- _Task instructions_: Output the listing exactly, without its pictures.

- _Data_:
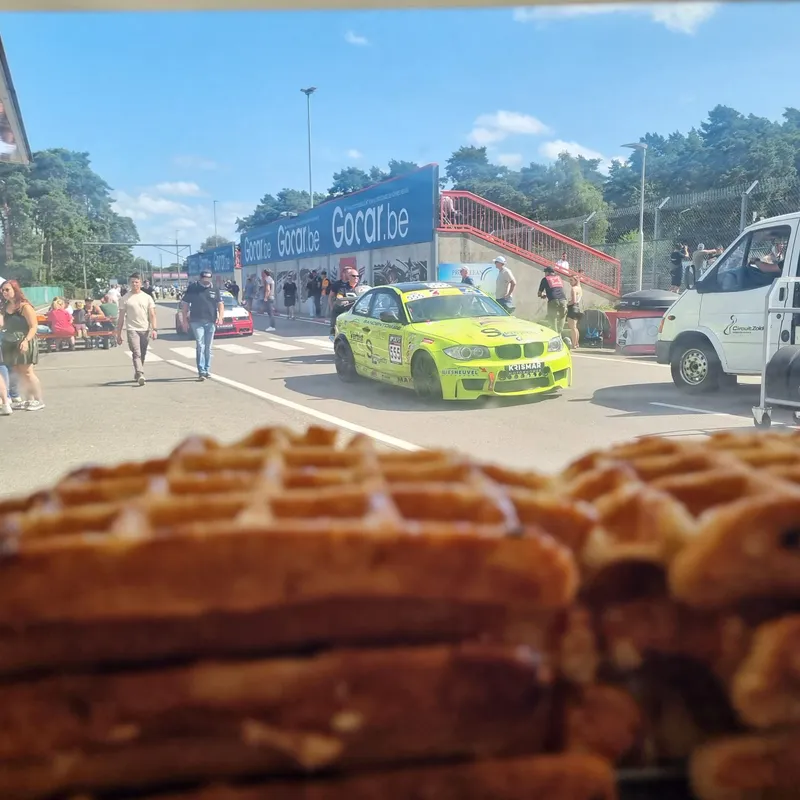 Stand Gocaribe avec voiture BMW jaune de taxi à un événement public, gaufres de Liège au premier plan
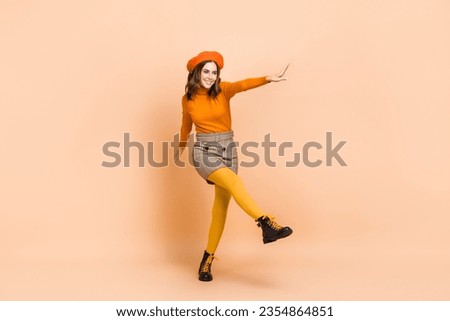 Full length photo of overjoyed lady wear stylish orange outfit look empty space go store center bi sale isolated on beige color background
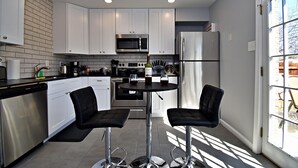 A modern kitchen with white cabinets, stainless steel appliances, a black countertop, and two bar stools. - ✪ King Beds ✔ 2 Bdr Townhouse w/ Private Backyard (Bryan)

- _Solution to the problem_:
 Stand Gocaribe avec voiture BMW jaune de taxi à un événement public, gaufres de Liège au premier plan
 Full length photo of overjoyed lady wear stylish orange outfit look empty space go store center bi sale isolated on beige color background
 A modern kitchen with white cabinets, stainless steel appliances, a black countertop, and two bar stools. - ✪ King Beds ✔ 2 Bdr Townhouse w/ Private Backyard (Bryan)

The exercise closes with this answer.